──────── Provided material

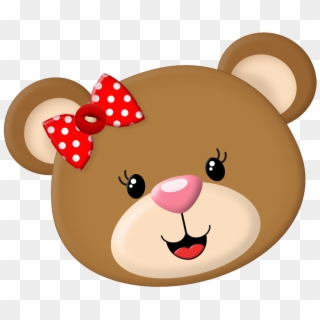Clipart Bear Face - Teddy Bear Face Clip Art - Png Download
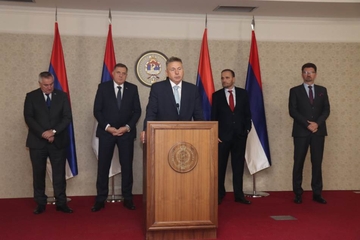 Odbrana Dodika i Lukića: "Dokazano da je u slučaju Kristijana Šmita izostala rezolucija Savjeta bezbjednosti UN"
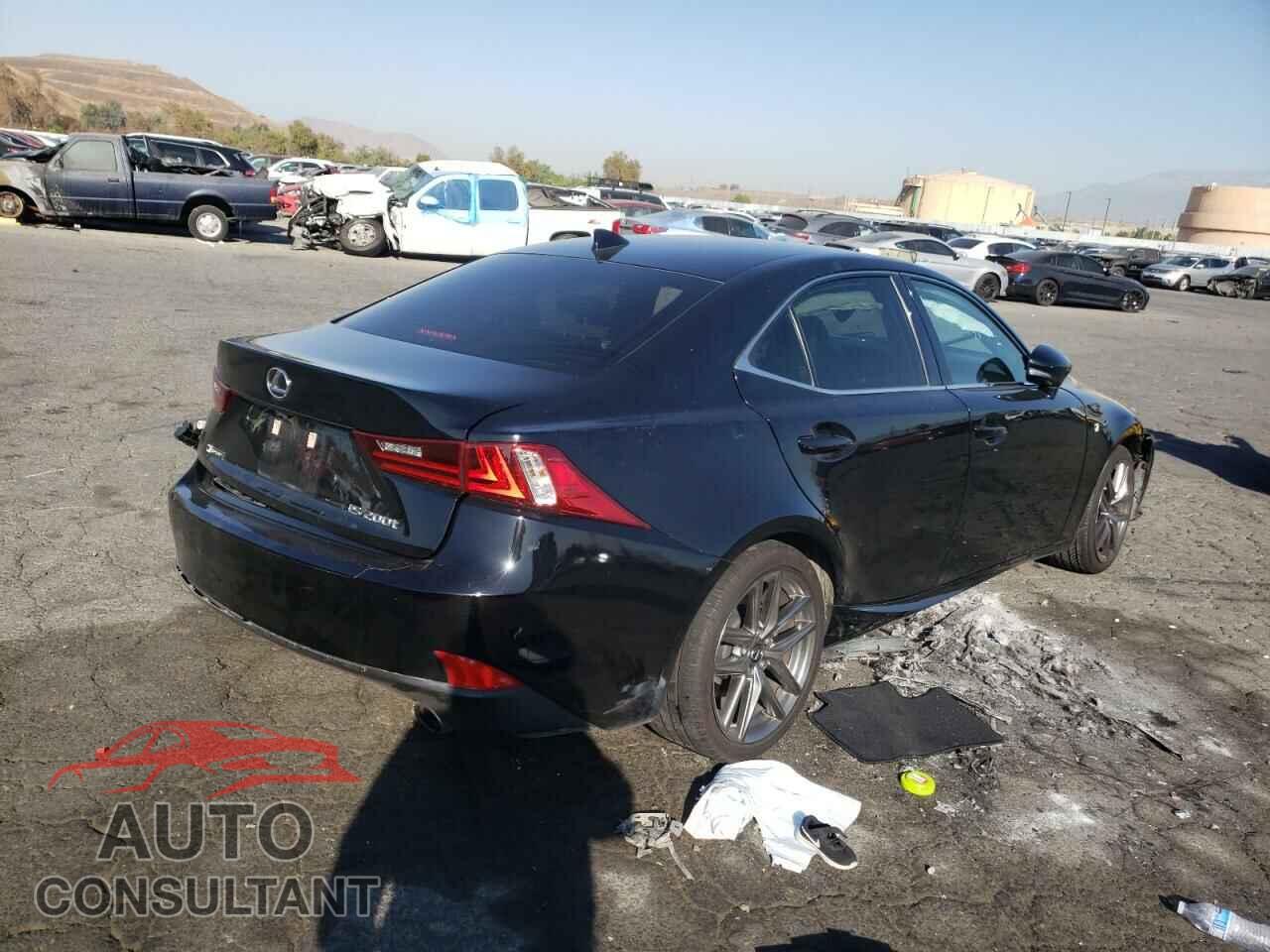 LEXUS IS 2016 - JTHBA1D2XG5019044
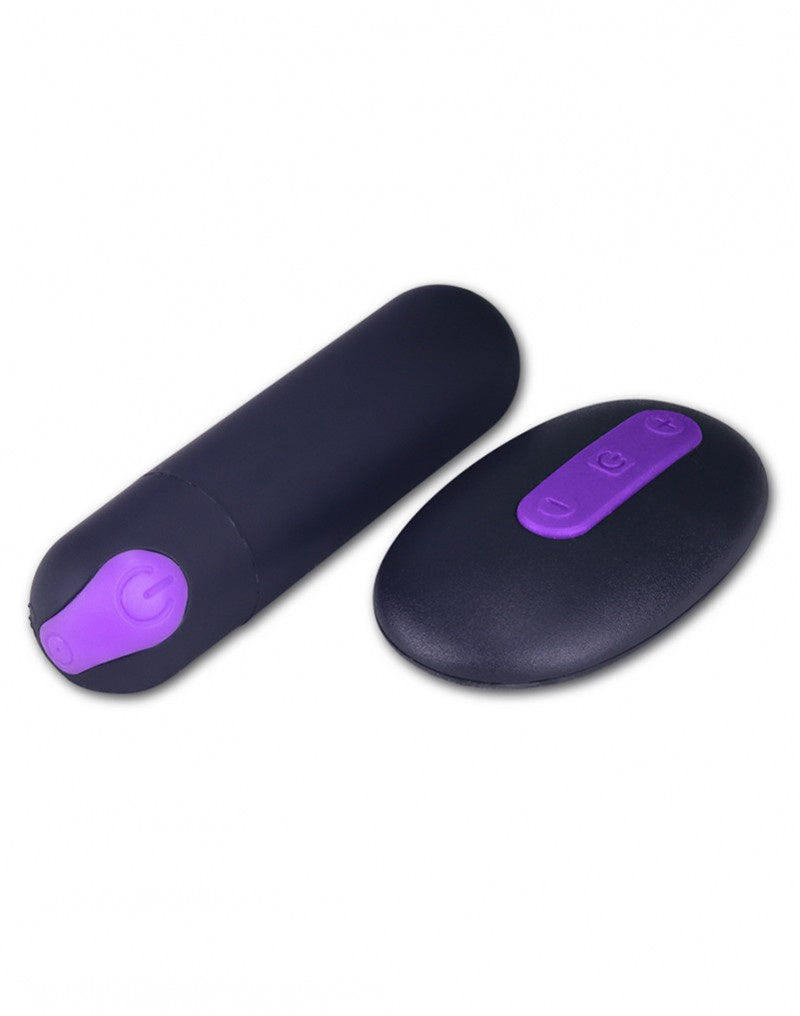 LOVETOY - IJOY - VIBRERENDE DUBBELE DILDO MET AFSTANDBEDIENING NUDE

────────────────

◆ What to do:
Copy out the listing above in full and keep the pictures out.

◆ Solution:
Clipart Bear Face - Teddy Bear Face Clip Art - Png Download
 Odbrana Dodika i Lukića: "Dokazano da je u slučaju Kristijana Šmita izostala rezolucija Savjeta bezbjednosti UN"
 LEXUS IS 2016 - JTHBA1D2XG5019044
 LOVETOY - IJOY - VIBRERENDE DUBBELE DILDO MET AFSTANDBEDIENING NUDE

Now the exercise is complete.